The Art of Braising: Tough Cuts, Tender Results

A deep dive into low-and-slow cooking — which cuts to choose, what liquid to use, and how to get that melt-in-your-mouth finish

5/1/20262 min read

a piece of meat sitting on top of a black plate

Braising is alchemy. It takes the least expensive, most neglected cuts of meat — the ones that are too tough for quick cooking — and transforms them into something extraordinary. Falling-apart brisket. Silky short ribs. Pork shoulder that collapses at the touch of a fork. All of it achieved through time, moisture, and gentle heat.

Why tough cuts work best

Cuts like beef cheeks, lamb shanks, pork shoulder, and chicken thighs have one thing in common: high levels of collagen, a connective tissue that runs through hard-working muscles. When cooked quickly, collagen is tough and chewy. But when cooked low and slow in liquid, it breaks down into gelatin — the substance responsible for that luxurious, lip-coating richness you find in a well-braised dish.

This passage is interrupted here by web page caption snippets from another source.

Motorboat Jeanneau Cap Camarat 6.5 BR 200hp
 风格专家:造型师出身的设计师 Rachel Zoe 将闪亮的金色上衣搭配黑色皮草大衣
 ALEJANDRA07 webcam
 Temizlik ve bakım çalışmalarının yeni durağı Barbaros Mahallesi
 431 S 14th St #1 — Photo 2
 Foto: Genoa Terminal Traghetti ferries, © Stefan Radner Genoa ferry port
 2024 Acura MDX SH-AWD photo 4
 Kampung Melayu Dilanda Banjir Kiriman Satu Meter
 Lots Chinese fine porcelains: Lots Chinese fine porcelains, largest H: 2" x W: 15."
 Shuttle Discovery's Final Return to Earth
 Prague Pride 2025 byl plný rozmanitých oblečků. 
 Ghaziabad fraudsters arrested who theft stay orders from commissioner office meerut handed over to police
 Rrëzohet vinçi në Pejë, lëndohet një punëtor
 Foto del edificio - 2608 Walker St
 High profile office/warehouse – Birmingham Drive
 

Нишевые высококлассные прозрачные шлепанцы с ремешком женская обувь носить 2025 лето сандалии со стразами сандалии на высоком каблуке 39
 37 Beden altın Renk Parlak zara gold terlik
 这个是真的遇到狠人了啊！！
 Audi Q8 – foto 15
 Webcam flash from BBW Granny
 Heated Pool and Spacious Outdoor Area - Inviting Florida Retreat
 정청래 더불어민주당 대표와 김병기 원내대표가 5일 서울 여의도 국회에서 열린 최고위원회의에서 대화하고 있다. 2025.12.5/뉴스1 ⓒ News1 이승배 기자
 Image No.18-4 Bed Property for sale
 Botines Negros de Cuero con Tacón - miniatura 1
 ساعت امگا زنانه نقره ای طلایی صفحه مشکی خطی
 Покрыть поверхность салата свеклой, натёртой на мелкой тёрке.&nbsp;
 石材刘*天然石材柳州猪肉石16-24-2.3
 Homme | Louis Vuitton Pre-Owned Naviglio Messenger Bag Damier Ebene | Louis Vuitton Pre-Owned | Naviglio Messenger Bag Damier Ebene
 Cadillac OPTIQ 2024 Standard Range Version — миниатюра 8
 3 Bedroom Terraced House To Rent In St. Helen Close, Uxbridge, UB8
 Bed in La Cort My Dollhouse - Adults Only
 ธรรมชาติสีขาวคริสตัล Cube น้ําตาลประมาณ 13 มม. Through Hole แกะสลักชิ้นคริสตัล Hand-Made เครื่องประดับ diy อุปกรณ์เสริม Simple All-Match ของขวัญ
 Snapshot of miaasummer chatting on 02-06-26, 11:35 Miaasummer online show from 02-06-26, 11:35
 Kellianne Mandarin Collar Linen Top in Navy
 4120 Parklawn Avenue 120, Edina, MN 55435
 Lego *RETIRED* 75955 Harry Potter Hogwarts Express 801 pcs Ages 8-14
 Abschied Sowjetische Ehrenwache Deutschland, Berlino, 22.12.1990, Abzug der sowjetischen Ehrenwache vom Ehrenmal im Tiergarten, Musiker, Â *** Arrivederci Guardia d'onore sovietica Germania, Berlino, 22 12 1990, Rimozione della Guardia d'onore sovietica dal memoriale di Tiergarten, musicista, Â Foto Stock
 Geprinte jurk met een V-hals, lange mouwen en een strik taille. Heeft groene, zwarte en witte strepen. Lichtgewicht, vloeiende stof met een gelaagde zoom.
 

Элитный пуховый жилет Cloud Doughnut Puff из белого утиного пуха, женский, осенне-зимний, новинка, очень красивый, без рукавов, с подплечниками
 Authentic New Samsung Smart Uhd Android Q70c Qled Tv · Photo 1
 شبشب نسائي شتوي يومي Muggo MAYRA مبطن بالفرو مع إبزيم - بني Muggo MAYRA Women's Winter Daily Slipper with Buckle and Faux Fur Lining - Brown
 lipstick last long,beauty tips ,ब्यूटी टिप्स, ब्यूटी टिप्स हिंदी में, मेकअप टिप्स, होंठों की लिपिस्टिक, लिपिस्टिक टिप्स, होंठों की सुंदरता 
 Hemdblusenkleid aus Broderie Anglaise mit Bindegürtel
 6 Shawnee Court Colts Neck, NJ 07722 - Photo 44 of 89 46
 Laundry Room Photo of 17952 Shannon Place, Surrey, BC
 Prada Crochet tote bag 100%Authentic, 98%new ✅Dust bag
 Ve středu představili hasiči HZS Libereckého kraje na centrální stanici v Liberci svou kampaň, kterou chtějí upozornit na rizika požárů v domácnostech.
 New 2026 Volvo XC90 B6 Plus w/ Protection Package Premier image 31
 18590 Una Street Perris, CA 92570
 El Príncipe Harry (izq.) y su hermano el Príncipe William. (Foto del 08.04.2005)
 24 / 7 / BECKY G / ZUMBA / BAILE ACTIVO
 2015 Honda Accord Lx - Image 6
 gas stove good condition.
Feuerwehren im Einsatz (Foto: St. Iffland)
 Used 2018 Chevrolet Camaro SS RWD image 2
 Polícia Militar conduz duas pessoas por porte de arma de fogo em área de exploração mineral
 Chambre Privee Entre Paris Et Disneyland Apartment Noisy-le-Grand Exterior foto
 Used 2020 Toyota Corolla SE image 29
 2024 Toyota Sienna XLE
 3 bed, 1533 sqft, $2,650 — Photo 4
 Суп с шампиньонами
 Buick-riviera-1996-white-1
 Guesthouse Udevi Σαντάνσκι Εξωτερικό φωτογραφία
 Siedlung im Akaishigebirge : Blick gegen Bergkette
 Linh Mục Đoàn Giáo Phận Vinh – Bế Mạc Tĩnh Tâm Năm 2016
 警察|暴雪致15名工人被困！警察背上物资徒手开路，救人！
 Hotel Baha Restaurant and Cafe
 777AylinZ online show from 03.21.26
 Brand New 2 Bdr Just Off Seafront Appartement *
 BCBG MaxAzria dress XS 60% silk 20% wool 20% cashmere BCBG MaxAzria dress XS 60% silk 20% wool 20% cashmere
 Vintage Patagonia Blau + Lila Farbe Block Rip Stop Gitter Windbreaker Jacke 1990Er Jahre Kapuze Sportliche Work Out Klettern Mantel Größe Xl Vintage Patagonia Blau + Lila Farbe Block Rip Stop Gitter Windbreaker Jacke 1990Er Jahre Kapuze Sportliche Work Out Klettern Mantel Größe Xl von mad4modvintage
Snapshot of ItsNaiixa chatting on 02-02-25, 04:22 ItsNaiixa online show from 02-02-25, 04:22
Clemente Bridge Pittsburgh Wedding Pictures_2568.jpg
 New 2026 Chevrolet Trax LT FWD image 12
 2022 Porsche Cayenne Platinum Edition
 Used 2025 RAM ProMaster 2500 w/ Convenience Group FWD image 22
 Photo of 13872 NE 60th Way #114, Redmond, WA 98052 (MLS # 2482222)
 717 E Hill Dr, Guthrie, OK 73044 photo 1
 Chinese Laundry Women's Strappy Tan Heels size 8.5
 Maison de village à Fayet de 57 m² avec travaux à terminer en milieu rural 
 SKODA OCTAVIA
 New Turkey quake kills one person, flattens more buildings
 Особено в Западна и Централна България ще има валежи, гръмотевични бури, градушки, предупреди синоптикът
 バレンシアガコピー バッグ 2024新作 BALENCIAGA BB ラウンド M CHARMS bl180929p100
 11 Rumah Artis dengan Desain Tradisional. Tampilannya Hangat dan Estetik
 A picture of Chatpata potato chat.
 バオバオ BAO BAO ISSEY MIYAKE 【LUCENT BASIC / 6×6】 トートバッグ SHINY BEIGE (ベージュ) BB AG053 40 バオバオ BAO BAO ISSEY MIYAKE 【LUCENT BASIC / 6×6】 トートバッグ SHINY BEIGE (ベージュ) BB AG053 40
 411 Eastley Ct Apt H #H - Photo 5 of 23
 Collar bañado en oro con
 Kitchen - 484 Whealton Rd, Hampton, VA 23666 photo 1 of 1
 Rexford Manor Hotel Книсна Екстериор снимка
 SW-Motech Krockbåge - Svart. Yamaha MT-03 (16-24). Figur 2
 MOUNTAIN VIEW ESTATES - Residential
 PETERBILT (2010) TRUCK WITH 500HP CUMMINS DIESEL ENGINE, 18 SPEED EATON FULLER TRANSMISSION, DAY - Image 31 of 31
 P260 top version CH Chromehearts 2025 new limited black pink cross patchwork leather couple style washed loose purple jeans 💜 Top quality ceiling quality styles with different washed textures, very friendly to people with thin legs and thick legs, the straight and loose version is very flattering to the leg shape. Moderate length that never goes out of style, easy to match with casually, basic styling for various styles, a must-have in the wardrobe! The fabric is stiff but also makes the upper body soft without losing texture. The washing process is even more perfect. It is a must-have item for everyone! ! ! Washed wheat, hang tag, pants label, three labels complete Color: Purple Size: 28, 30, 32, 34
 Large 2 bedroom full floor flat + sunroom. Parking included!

Tender cuts like fillet or loin have very little collagen, which is why they are suited to fast, high-heat cooking. Put them in a braise and they become dry and chalky. Always match the technique to the cut.

The braise setup

You will need a heavy-bottomed pot with a tight-fitting lid — a Dutch oven or a cast-iron casserole is ideal. The pot should be large enough to hold the meat snugly without overcrowding, but not so large that the liquid barely covers the base.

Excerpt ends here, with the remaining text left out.